Their life and economy is so intimately connected with the survival of the forests that denying them the access to the green land will mean to threaten their very existence. Millions of tribes and their societies have been exterminated in the name of industrialization and globalization. How the mainstream societies have initiated their gradual destruction is a harsh tale of the majoritarian tyranny. Usually factories and industries are set up in the closer to forest areas where the population is not dense, to provide for the fullest utilization of a large area of land, cheap raw materials etc. By means of a newly set up factory, labourers and workers satisfying various needs of the factory move to the place around the factory, setting up a township. While they gradually outnumber the tribal population, it leads to the eviction of the tribes as they are dislocated from their own homes.
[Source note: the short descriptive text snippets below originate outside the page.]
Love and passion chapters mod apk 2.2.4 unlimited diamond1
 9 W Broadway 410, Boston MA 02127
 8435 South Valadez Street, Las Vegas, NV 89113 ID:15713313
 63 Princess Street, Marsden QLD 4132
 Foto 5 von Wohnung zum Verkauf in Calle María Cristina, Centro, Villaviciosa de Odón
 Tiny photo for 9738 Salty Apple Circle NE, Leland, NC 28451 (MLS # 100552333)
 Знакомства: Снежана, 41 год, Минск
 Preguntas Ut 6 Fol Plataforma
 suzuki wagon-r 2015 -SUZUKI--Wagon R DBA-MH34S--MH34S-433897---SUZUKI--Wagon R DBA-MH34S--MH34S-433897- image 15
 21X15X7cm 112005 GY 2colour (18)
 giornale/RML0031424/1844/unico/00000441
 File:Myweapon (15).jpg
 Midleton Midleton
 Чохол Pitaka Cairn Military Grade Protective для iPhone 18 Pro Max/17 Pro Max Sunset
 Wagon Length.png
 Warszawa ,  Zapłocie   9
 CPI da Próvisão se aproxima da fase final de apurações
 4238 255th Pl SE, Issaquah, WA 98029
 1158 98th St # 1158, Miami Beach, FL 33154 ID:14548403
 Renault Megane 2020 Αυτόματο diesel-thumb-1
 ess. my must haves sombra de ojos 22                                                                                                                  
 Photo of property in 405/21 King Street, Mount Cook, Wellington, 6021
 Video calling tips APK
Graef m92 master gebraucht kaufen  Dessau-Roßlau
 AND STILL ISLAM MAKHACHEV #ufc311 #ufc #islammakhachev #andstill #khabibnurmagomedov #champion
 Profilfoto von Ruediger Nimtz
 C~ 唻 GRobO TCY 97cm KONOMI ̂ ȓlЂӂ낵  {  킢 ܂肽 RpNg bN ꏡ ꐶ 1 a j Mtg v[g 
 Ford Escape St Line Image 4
The phenomenon that facilitates the process is that they do not have any legal claim over the forest or in other words, their right to livelihood is not sealed by legality of terms, documents and papers.

Initially the Government of India had followed a philanthropic policy of empathizing with the tribes and their diverse needs, as marked by the Nehru-Elwin model. The people in the tribal communities were in charge of their own fate as the government chose only to guide them in a manner which is sufficient for their traditional development and cultural progress, refraining to interfere in their business unnecessarily. The policy also meant to check that the tribal areas are not overpopulated to outnumber the tribes for the sake of development. However, there was a striking change in the policy followed by the government as succumbing to the pressures of modernization, globalization and industrialization, the government ruled that the problems that the tribes face in today’s world are by no means peculiar to themselves and no exceptional or unique policy should apply to them in this regard.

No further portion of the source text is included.